Exercise details: Write out exactly, with no other output, the lines below from the one that contains "Deep cleaning support for a Battersea flat" through the end.

Information provided:
┌──

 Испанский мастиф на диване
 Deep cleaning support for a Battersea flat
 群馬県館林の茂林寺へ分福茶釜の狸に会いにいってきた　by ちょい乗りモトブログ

└──

Exercise response:
 Deep cleaning support for a Battersea flat
 群馬県館林の茂林寺へ分福茶釜の狸に会いにいってきた　by ちょい乗りモトブログ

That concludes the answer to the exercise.